Risina shakes her head but I press the green button on the phone.

“Hello.”

“You’ve been asking about me.”

“You wanted to flush me, here I am.”

“You presume to know my intentions?”

“I know a few things. I’ll learn more.”

“I’ll help you out. Here’s a fact about me: I’m smarter than you.”

“That why you missed me outside the restaurant in Chicago?”

“Who says I missed?”

“It was sloppy.”

“Accidents are sloppy by nature. And sloppy by design.”

“And the police at Kirschenbaum’s house?”

“Now looking for a murderer who happens to fit your description.”

“Not exactly the way you drew it up.”

He chuckles, and the sound is disturbing in its confidence. “You don’t sound sure about that.”

He’s right. I don’t. Even this conversation feels like I’m being spun whichever direction he wants me to go.

“You want-“

But I cut him off in a clumsy attempt to gain control. “What’s your play?”

“I don’t-“

“Why kidnap Archie Grant? Why call me out by name?”

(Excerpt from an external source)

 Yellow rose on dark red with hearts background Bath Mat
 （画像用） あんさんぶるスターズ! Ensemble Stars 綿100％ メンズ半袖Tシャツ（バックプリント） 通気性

“You gonna let me finish?”

Is this how boxers feel as a round slips away? Right hooks coming but you’re just too slow or tired or old or rusty to get out of the way?

“Is he alive?”

“Check the phone.”

The phone beeps in my hand, an incoming text message. I click on it without hanging up the line and there is a picture of Archie holding a New York Times with a photograph of a blazing inferno on the front page-fire trucks out and about, spraying the flames down, and I have no doubt if I drive to a newsstand, it’ll be today’s paper. Archie looks defiant in the photo, a fuck you face if I ever saw one. I put the phone to my ear again.

“Satisfied?”

“Let me talk to him.”

“He doesn’t feel like talking.”

“What’s this about? Why the games? You want me, here I am.”

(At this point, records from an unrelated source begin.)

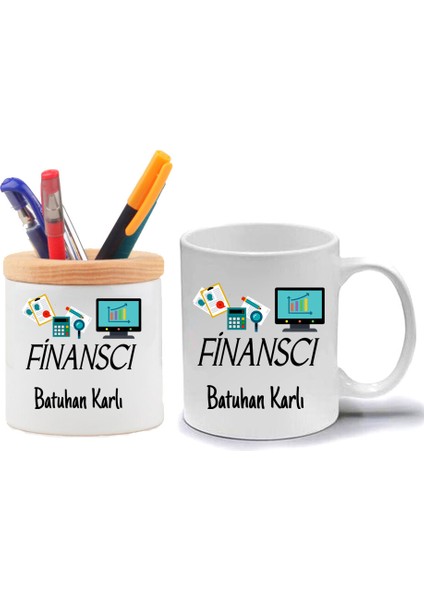 Finanscı Kupa Bardak ve Kalemlik Hediye Seti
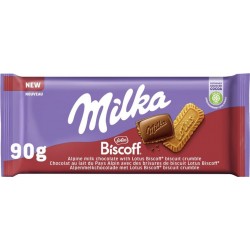 MILKA Tablette de chocolat biscoff la tablette de 90g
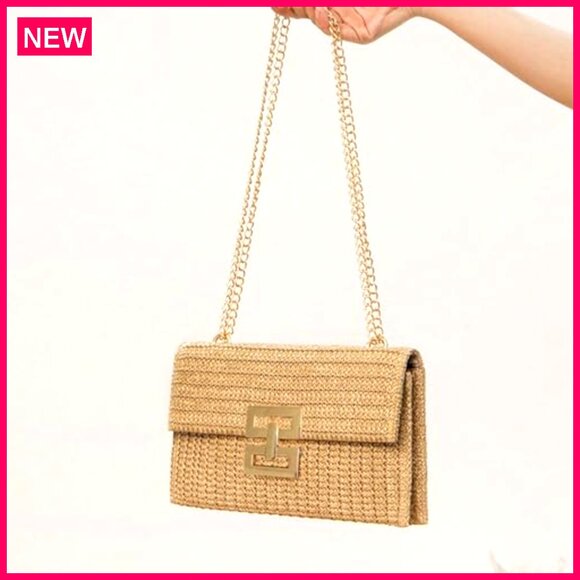 Straw Clutch Evening Bag with Adjustable Chain Strap for Summer Events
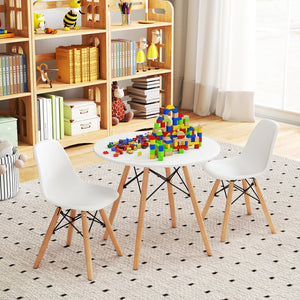 Kid's Modern Dining Table Set with 2 Armless Chairs view 2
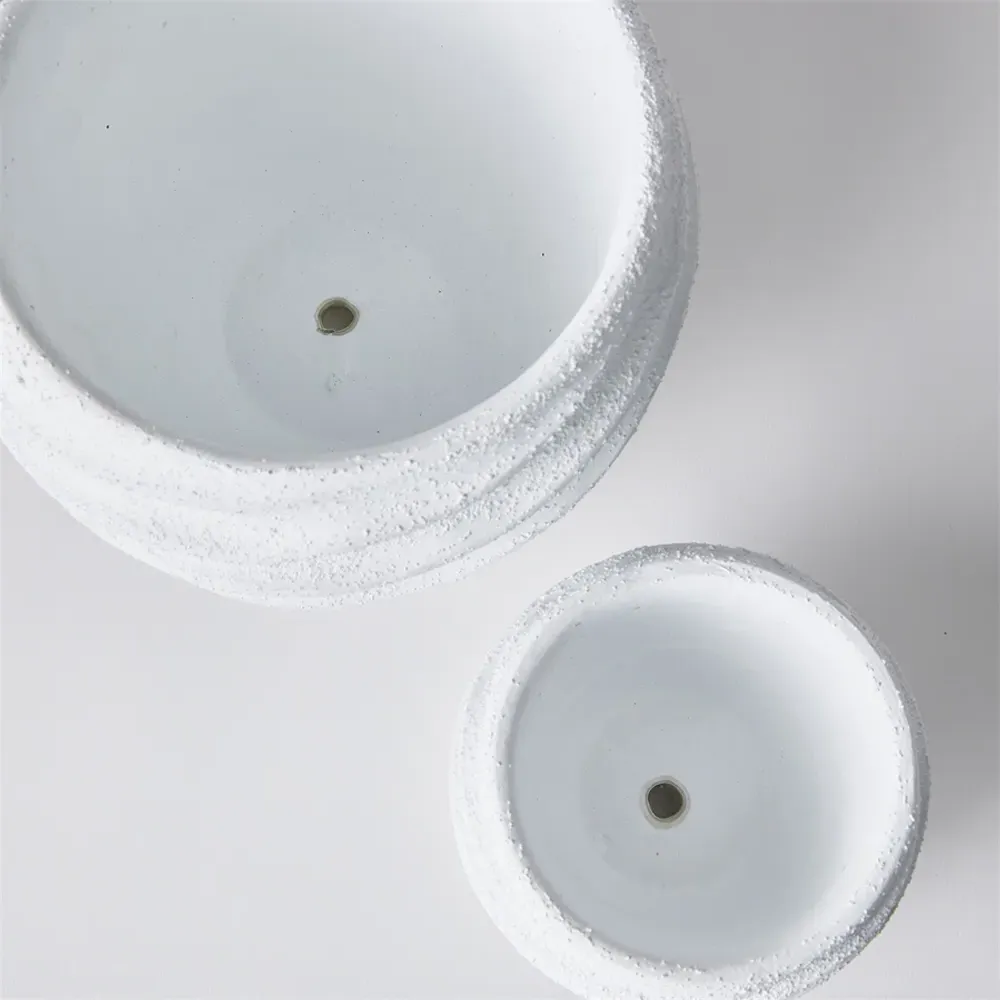 Micah Round Outdoor Pot Planter Set - White, Concrete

“You contact my wife again and I’ll blow Mr. Grant up in front of you. You’ll walk around a corner or step off an elevator and he’ll be tied up sitting in a chair. You’ll barely have time to register what is happening before parts of your friend slap you in the face.”

“Come on. You wanted to flush me? You flushed me. Let’s finish this out in the open.” Flailing. Too tired. Stumbling.

“You’ll be out in the open, Columbus. You won’t know where I’ll be.”

“Just tell me what this is about. I don’t mind spinning in circles, but at least tell me why I’m spinning.”

And right when I don’t think he’s going to say anything else, he surprises me. “Dark men.”

I’ve heard that expression once before, in a hotel room in the Standard Hotel in Los Angeles, from the lips of the Speaker of the House of Representatives, the Democratic Nominee for President, Abe Mann, moments before I killed him. “ When I had my problem with your mother, some dark men made that problem disappear. You understand about dark men, I take it… ” he had said.

He went on to tell me about the men who were the real players behind the politicians, the dark men who moved the representative’s mouths like ventriloquists, the dark men who wouldn’t let their candidates, candidates like Abe Mann, leave the game. So the Speaker of the House hired a killer named Columbus and designated himself as the target. His only escape was death, and I was his suicide method.

The dark men must not have been happy about that decision. All this time I was worried about someone in law enforcement tracking me down, but now I see my anxiety was misplaced. I killed the man I was hired to kill, but I upset the dark men who wanted him alive so they could keep pulling his strings. It seems they’ve held his death against me all these years and now they’ve hired Spilatro to exact their revenge. He went to them with my name and they said “bring us his head.” This changes everything.

Risina and I leave the house immediately, and instead of planning our next move, I just drive. The sun is heading west, dropping toward the horizon, so fuck it, I drive into it headlong, the light fierce in my eyes but maybe that’s the way it’s supposed to be. Maybe I deserve it. Maybe I’ve stuck to the shadows for too long and need to spend a little time with the sun in my eyes. Maybe some light will clean my fucking head.

Risina is pensive as she fights the urge to speak. Farms roll past the window, looking properly pastoral. After a moment, she pivots toward me. “What did he mean by dark men?”

“An old job. I probably upset a few apple carts.”

“So these men want revenge?”

“Yes.”

“And they hired Spilatro to kill you?”